Data shown →
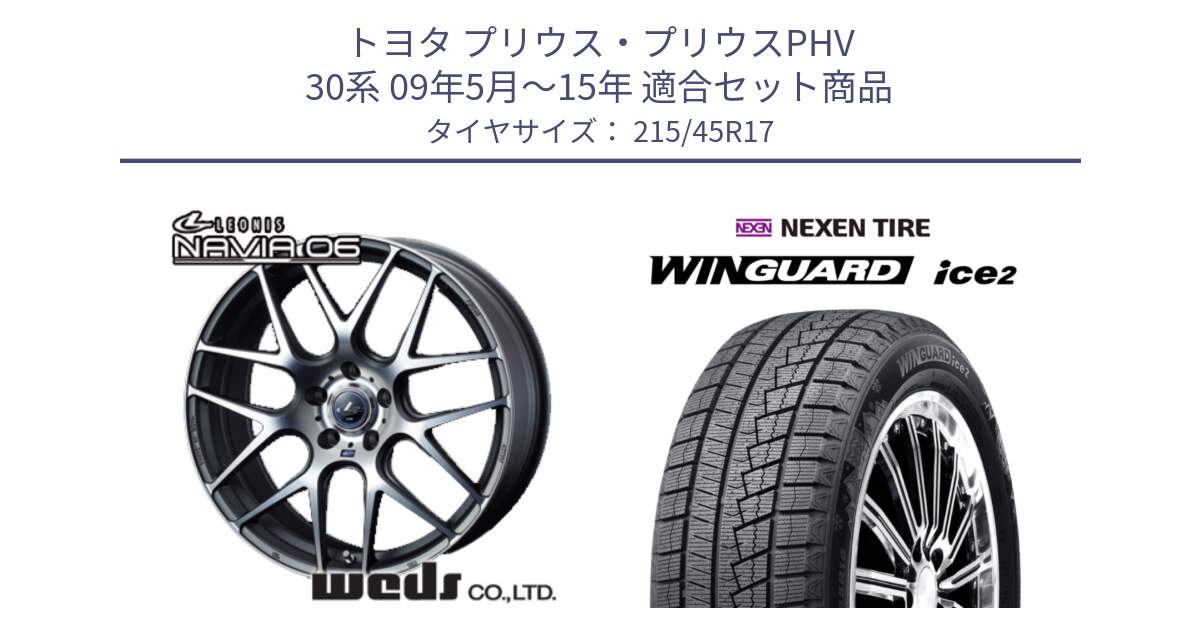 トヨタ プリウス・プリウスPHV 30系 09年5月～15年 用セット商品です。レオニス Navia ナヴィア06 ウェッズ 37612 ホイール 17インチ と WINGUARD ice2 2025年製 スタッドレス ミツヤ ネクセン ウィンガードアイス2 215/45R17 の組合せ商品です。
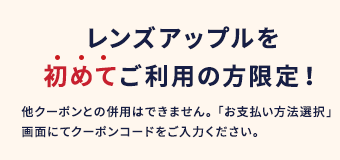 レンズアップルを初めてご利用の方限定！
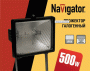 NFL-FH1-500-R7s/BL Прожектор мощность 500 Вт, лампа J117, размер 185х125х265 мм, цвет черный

What the task asks →
Set down the material word for word, and drop every picture from it.

Result of the task →
 トヨタ プリウス・プリウスPHV 30系 09年5月～15年 用セット商品です。レオニス Navia ナヴィア06 ウェッズ 37612 ホイール 17インチ と WINGUARD ice2 2025年製 スタッドレス ミツヤ ネクセン ウィンガードアイス2 215/45R17 の組合せ商品です。
 レンズアップルを初めてご利用の方限定！
 NFL-FH1-500-R7s/BL Прожектор мощность 500 Вт, лампа J117, размер 185х125х265 мм, цвет черный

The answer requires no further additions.